_THE TASK_. Exact copy, no pictures: return only the lines below from the line with "Dengarkan lagu 7" up to and including the line with "Those Snowy Nights".

_DATA_.
┏━━

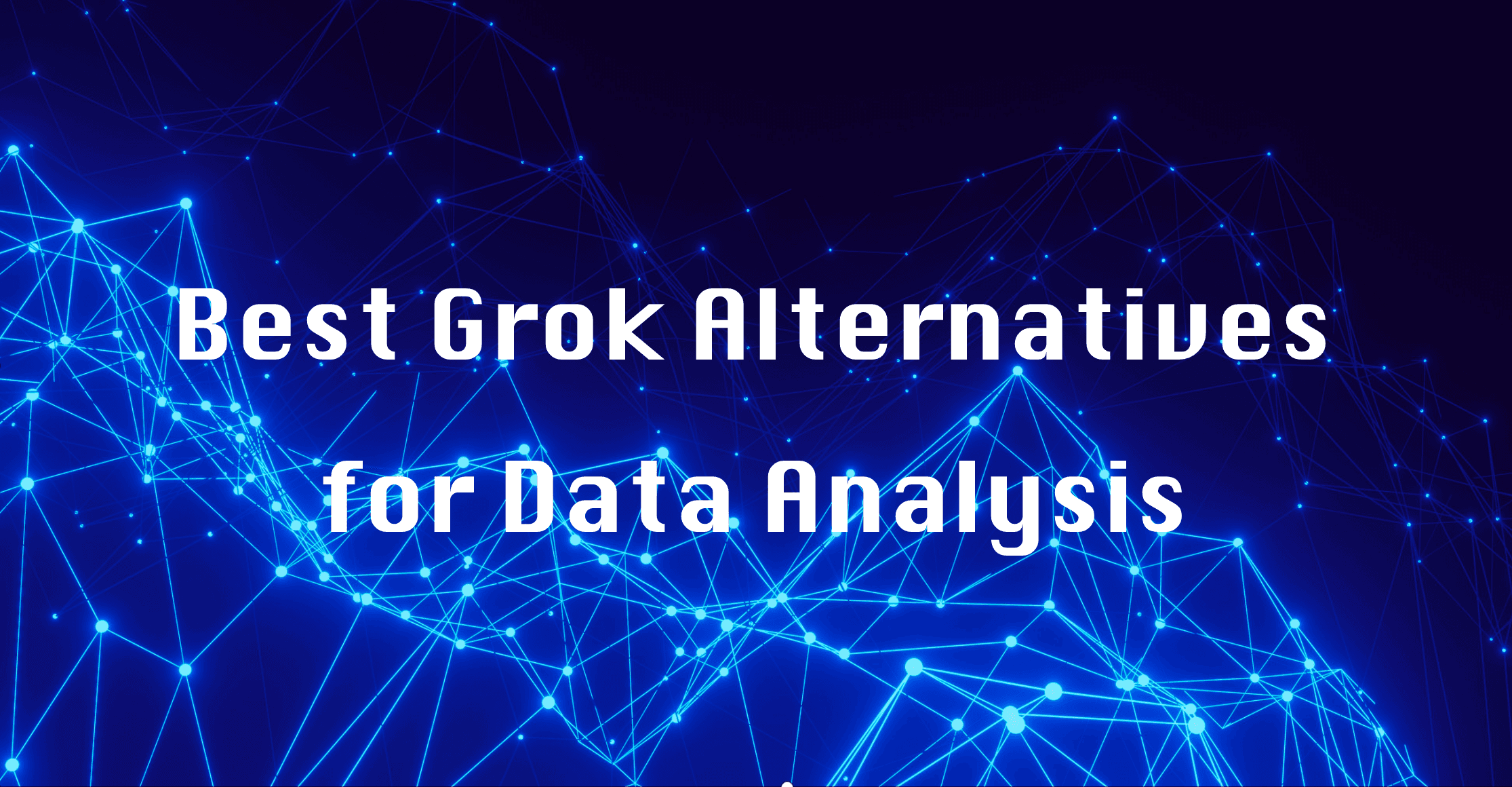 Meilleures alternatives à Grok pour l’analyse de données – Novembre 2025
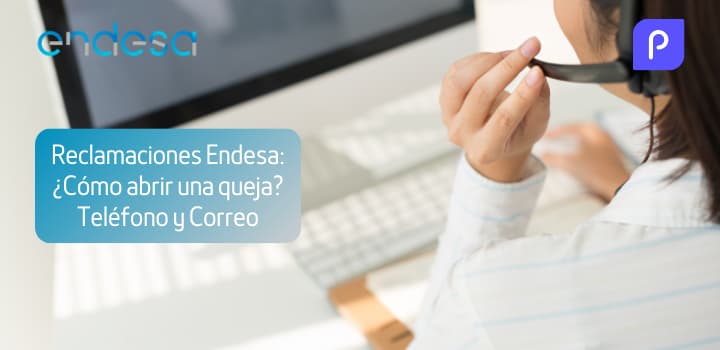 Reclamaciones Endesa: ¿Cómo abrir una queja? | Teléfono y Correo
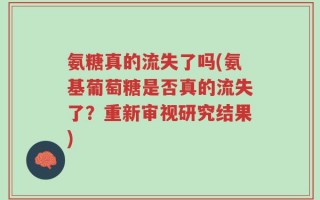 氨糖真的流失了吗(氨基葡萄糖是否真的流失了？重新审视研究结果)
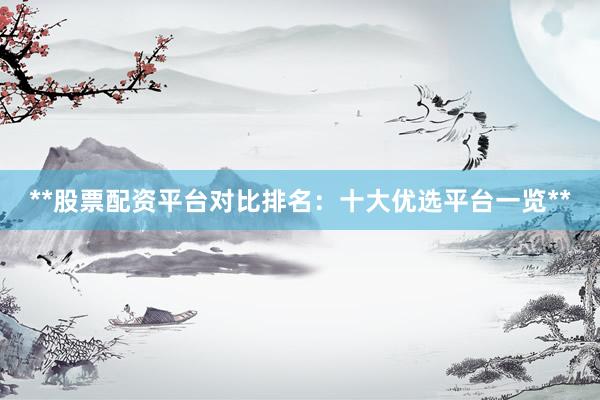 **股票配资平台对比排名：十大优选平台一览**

┗━━
┏━━

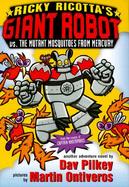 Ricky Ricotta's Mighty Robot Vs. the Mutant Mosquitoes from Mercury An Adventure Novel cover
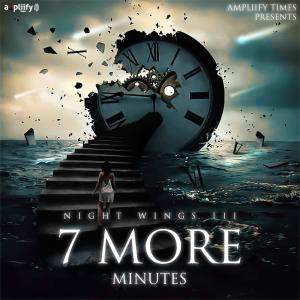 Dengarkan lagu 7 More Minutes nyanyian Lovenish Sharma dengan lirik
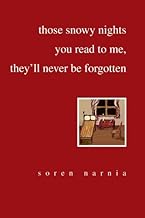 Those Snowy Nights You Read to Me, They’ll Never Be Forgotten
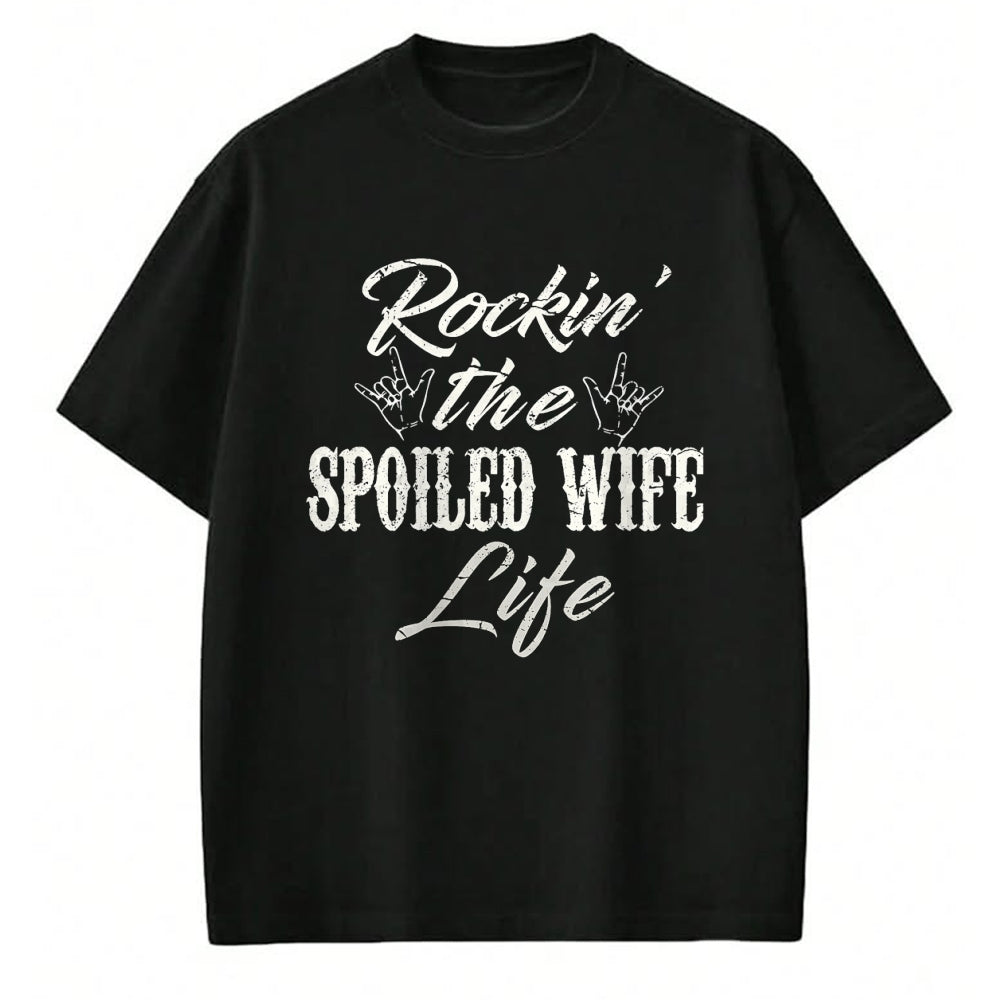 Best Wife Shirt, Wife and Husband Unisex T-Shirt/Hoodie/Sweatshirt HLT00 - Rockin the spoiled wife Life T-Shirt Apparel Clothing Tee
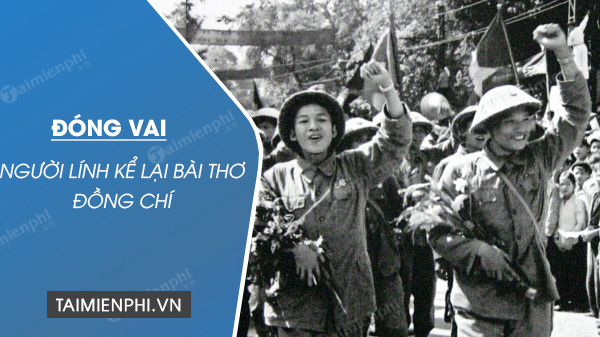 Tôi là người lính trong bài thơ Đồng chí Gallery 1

┗━━

_SOLUTION_.
 Dengarkan lagu 7 More Minutes nyanyian Lovenish Sharma dengan lirik
 Those Snowy Nights You Read to Me, They’ll Never Be Forgotten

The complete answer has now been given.